**WORK REQUIRED**
Wherever a line in the data below holds "Used", copy that line.

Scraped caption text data
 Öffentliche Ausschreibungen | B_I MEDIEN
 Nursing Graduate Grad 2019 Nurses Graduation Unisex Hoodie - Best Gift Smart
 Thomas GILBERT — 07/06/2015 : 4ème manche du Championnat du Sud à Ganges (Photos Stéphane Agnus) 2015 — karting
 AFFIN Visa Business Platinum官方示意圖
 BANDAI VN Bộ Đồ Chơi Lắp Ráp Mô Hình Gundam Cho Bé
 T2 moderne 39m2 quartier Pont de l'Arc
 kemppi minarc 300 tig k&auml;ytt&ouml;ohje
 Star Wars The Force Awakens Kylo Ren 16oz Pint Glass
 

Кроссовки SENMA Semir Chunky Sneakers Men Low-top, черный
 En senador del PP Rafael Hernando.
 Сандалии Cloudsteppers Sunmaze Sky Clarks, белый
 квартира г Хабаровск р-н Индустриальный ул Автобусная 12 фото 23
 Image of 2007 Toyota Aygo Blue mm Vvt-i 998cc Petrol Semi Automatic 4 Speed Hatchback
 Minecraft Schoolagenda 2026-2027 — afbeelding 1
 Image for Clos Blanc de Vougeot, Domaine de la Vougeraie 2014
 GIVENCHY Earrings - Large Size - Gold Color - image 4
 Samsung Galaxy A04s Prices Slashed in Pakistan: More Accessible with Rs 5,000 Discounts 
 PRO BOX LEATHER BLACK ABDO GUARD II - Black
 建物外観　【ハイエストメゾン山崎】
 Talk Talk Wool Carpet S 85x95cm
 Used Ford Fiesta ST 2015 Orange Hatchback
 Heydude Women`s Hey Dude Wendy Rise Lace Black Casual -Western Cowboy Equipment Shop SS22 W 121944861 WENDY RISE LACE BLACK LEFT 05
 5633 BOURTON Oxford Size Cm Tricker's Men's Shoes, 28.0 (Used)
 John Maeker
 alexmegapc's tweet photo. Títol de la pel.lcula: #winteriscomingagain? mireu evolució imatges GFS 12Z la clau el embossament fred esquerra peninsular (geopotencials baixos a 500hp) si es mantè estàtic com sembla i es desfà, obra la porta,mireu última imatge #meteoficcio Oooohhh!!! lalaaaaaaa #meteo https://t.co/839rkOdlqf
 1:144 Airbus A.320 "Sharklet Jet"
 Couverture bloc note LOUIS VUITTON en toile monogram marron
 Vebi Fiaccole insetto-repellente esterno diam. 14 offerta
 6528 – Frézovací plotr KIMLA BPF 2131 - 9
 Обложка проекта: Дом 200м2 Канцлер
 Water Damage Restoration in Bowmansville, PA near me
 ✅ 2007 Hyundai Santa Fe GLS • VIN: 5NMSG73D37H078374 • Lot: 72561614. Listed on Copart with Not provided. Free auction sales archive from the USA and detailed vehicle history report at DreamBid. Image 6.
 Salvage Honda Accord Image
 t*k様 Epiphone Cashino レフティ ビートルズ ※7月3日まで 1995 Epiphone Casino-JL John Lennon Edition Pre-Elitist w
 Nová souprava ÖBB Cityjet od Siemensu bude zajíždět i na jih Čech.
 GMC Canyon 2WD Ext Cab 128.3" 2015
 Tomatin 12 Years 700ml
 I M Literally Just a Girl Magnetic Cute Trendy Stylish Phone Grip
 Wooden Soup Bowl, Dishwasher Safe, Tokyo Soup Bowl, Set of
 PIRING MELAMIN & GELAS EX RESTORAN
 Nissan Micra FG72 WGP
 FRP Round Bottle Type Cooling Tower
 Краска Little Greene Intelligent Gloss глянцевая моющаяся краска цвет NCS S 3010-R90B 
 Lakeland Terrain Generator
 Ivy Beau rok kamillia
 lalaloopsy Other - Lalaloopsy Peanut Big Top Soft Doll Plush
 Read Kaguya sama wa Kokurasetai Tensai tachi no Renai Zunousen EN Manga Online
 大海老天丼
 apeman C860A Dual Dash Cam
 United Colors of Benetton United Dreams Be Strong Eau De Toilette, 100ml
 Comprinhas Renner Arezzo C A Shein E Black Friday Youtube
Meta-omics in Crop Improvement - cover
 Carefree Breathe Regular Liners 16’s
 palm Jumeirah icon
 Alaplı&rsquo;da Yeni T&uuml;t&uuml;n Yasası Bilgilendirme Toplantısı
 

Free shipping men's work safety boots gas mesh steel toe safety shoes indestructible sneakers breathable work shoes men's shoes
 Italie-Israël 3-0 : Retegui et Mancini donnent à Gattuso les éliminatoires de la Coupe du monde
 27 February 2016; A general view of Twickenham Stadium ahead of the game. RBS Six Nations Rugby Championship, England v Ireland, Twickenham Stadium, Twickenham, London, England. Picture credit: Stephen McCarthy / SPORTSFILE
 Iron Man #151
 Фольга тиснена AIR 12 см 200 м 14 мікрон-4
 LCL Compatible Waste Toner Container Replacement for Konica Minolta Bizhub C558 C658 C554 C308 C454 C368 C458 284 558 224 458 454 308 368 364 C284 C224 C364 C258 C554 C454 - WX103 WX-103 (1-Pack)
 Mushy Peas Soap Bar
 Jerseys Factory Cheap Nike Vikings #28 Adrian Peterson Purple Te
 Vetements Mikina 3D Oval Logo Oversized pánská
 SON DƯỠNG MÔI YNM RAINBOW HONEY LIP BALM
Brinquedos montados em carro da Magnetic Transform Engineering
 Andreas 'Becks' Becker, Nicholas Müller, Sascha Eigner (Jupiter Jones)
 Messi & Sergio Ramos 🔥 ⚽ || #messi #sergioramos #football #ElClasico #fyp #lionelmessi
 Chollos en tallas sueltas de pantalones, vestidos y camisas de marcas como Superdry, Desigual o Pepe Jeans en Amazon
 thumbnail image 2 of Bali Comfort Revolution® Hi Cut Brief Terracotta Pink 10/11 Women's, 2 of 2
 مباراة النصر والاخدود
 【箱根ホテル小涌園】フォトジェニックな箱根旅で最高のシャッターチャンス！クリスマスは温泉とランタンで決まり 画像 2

**YOUR SOLUTION**
 Used Ford Fiesta ST 2015 Orange Hatchback
 5633 BOURTON Oxford Size Cm Tricker's Men's Shoes, 28.0 (Used)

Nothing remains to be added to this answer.